Unfortunately, too, their presence (and the rate of tick-associated infections diagnosed) is on the rise as we experience warmer temperatures and milder winters. Their habitats are changing and expanding as well.
If you happen to be out in tall grass or even raking up leaves in your backyard—as a tick can travel long distances on a host (like a mouse) and end up quite close to your home—and a tick embeds itself in your skin, immediate removal is best. In order to transmit a disease, a tick needs to be attached from between three to ninety-six hours, depending on the tick and the disease.

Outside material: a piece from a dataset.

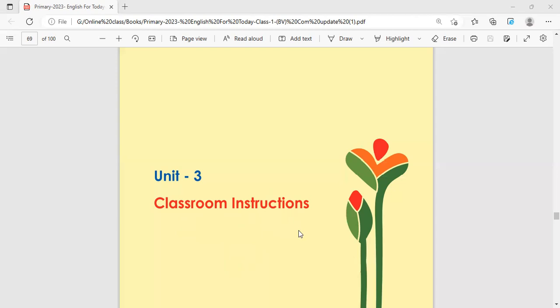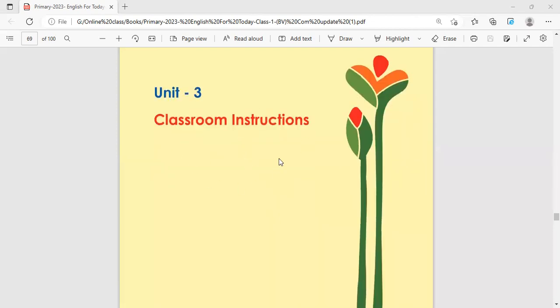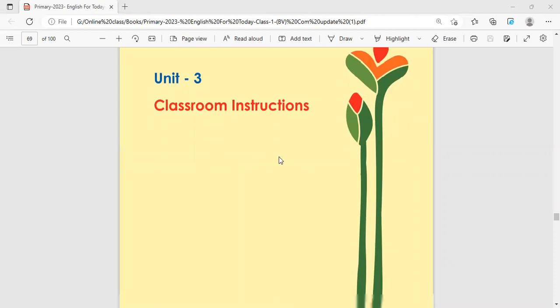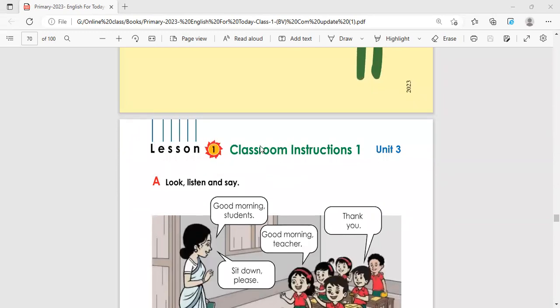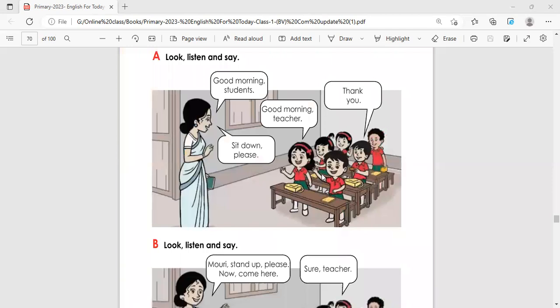Instructions means directions or commands. When our teacher comes to class, they give us instructions — like 'open your book,' 'come here,' 'stand up' — and we follow those instructions.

Now for the truth—the best way to remove a tick is by using tweezers. Holding those tweezers as close to your skin as possible, pull the tick upward with a steady, even motion. Try not to twist it or move it around too much, as you don’t want part of the tick to break off in your skin. If pieces are left in your skin, try to remove them also; but if you can’t, leave the area alone to heal. Once the tick is removed, clean the area and your hands with soap and water or rubbing alcohol.
It’s important to note that you don’t want to crush the tick. In crushing it, you could accidentally express the tick’s saliva further into your skin. This would not be good news, as you could increase the chance of getting a tick-borne infection.
Consider saving the tick in a sealed Ziplock bag in your freezer. This way, if you end up feeling ill, you have the evidence to bring to your doctor and could get it sent to the lab for testing.
Final Word on Spiders, Bees, and Ticks
Dr. Killigan’s mission is to restore peace of mind. If you have spiders in your living room or basement (or anywhere else in or around your abode for that matter), a bee’s nest near your home or ticks in your neck of the woods, we’re in the business of Killing Them Softly™. All of our products are non-toxic, safe to be used around children and pets, and come with a 100% satisfaction guarantee.
If you’re wanting a preventive measure against spiders, I would use Dr. Killigan’s Insect Buster. The Insect Buster, when it is used to disperse diatomaceous earth, is highly effective against spiders. Targeting entry points into your home, such as your front and back door, your garage, and your windows, apply a thick application of DE powder. Leave the application for at least 7 days and then reapply. Note: Diatomaceous earth is effective as long as it remains dry.
When spiders comes into contact with DE, the powder’s tiny dust particles cling to the legs and body of the spider. When the insect later grooms the powder off their bodies, it poisons them, as they can neither digest nor excrete the substance. Once this takes place, the spider dies.
Did you know that bees are responsible for about one-sixth of all pollination that occurs? The very work of pollination is a wonderful natural way to maintain our system of food production. Where in the world would we be without bees? Contact the American Beekeeping Federation or Apiary Inspectors of America. It’s likely that a local beekeeper may be able to take them off your hands at little or no cost, depending on the location of the hive or swarm.
On the other hand, if you’re dealing with wasps—including hornets and yellow jackets, which are just two of the 4,000 different species of wasp living in the United States—Dr. Killigan’s Insect Buster is the tool you need.
Wasps will encounter this powder and carry it back to their burrow whether other wasps will encounter it. These encounters are the beginning of their deaths.
Using the Insect Buster, spray DE around the stinging insect’s home. I recommend creating a line of continual dust. Continue this practice daily, for a week’s time, in order to reduce or eliminate the population. Note: It is important to do this at night, when the wasps are sleeping.
If you are concerned about the presence of ticks in your area, I offer the following tips.
- Use a repellent.
- Wear light-colored clothing.
- Tuck pant legs into socks.
- Avoid tick-infested areas.
- Check yourself, your children, and your pets for ticks and carefully remove any and all of them.